Description of the task: Copy exactly the lines of the records below, starting at the line that contains "ee4dff1c60cc47359c88216d63ce35c4" and continuing through the last line, both included; omit any pictures.

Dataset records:
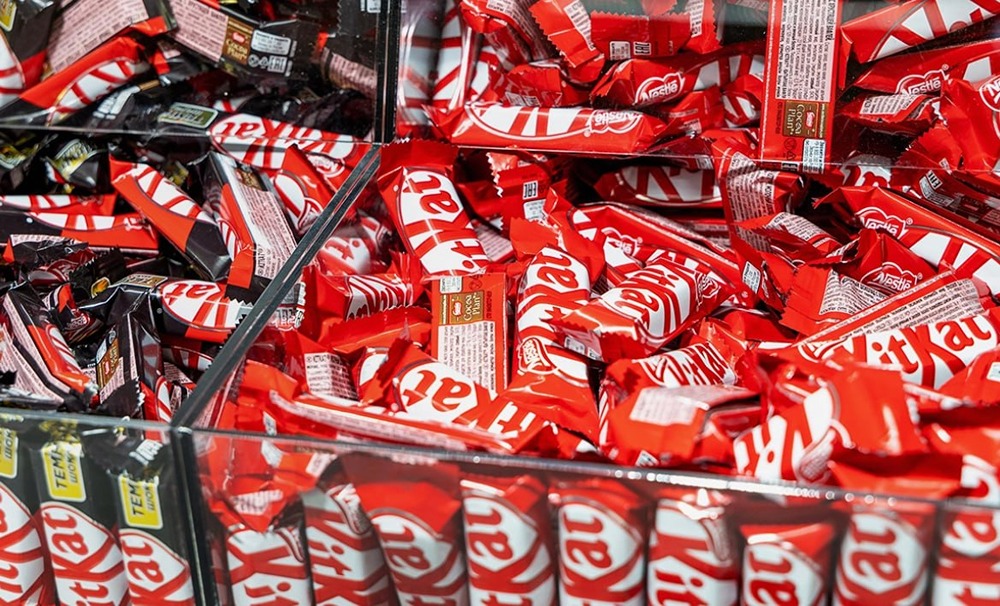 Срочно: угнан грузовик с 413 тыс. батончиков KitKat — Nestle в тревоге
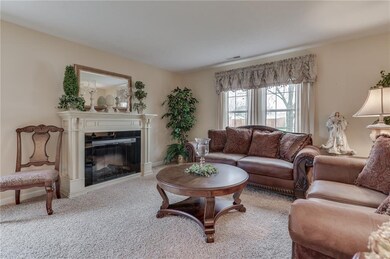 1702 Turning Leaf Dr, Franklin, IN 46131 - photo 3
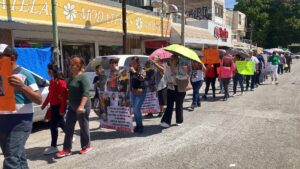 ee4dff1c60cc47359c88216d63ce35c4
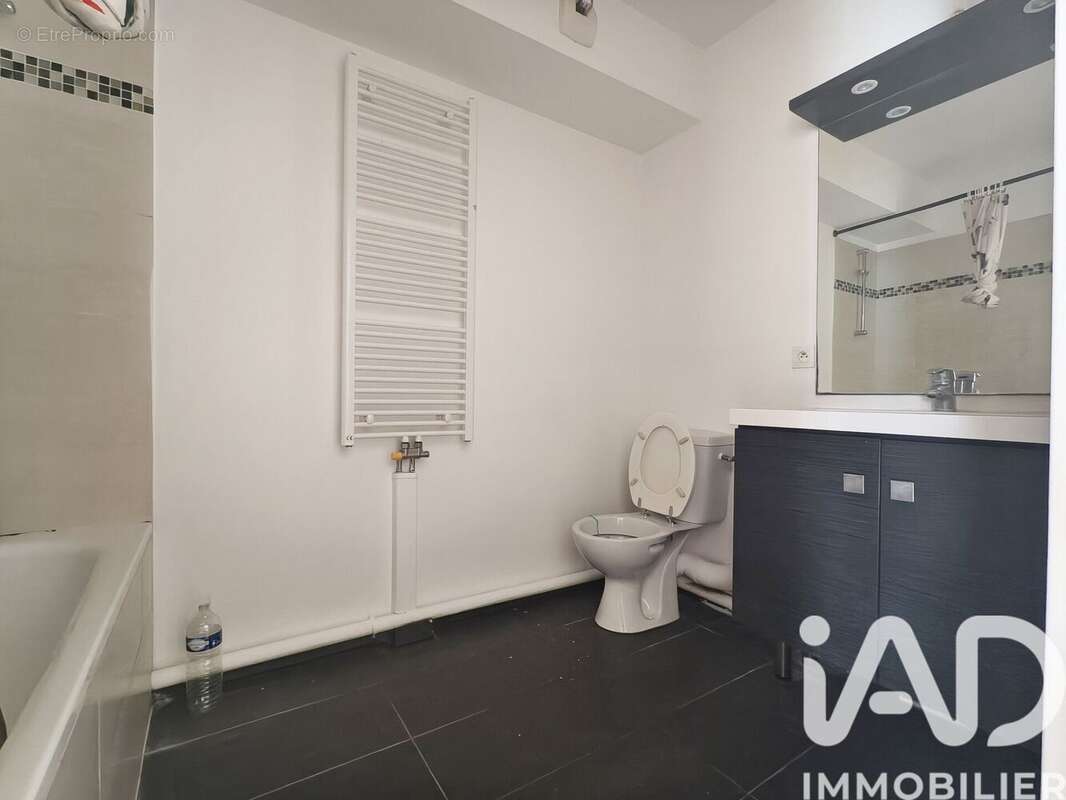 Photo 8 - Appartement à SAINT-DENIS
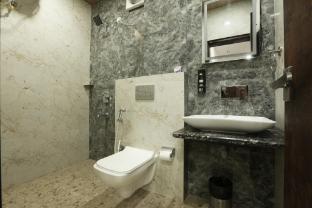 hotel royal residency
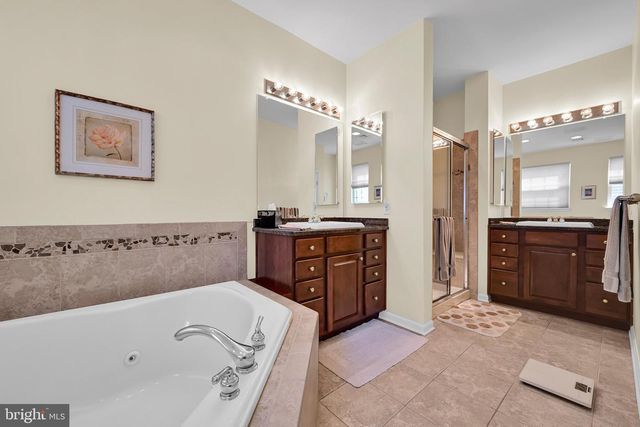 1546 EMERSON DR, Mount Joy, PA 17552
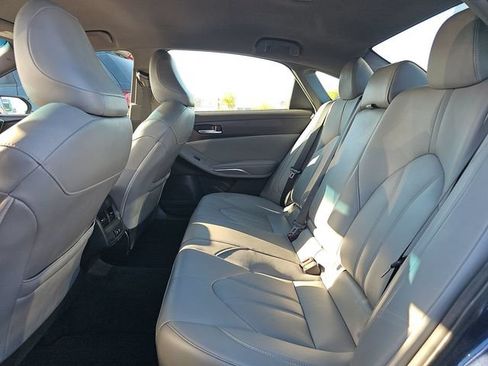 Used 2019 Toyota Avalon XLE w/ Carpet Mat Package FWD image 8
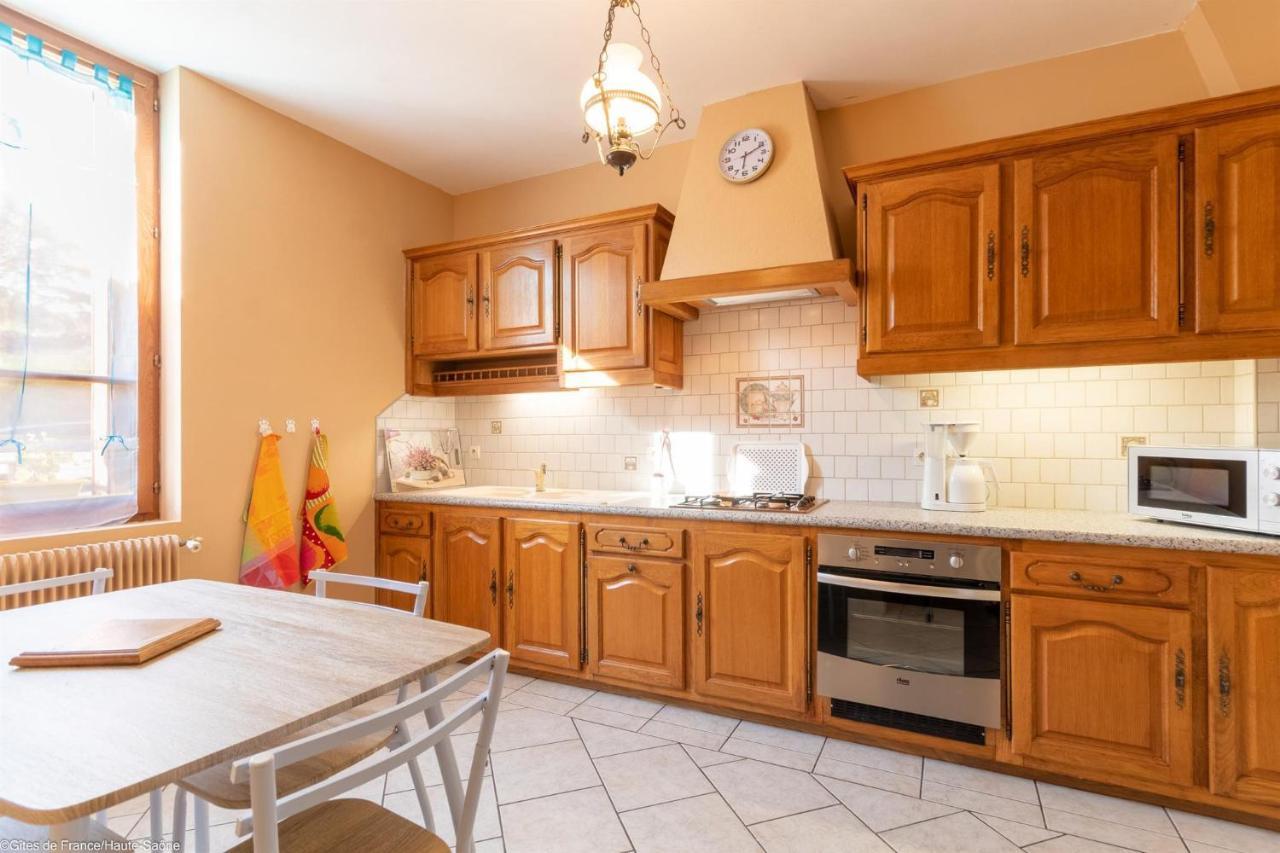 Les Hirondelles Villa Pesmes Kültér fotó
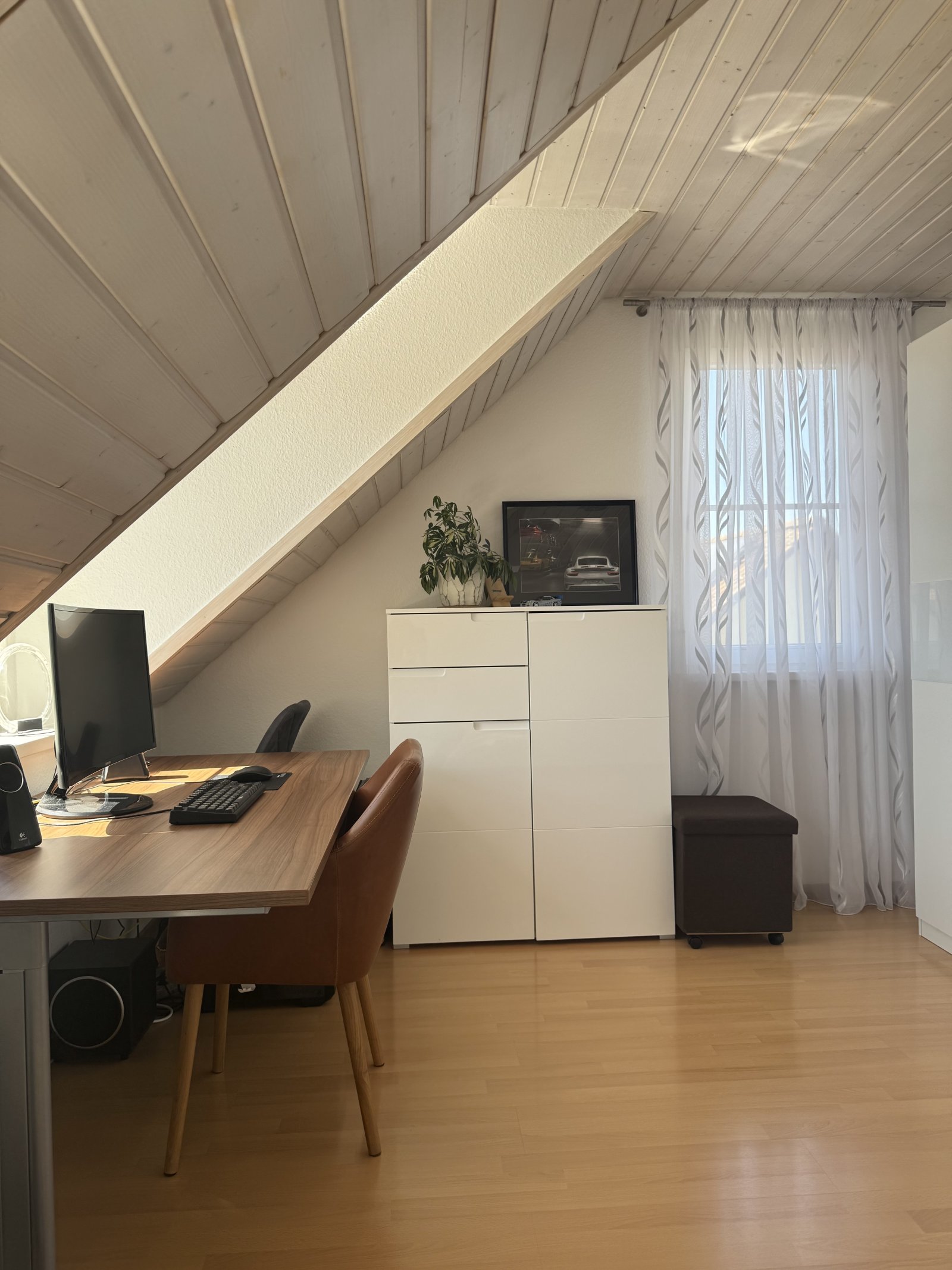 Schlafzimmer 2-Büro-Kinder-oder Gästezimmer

Output of the task:
 ee4dff1c60cc47359c88216d63ce35c4
 Photo 8 - Appartement à SAINT-DENIS
 hotel royal residency
 1546 EMERSON DR, Mount Joy, PA 17552
 Used 2019 Toyota Avalon XLE w/ Carpet Mat Package FWD image 8
 Les Hirondelles Villa Pesmes Kültér fotó
 Schlafzimmer 2-Büro-Kinder-oder Gästezimmer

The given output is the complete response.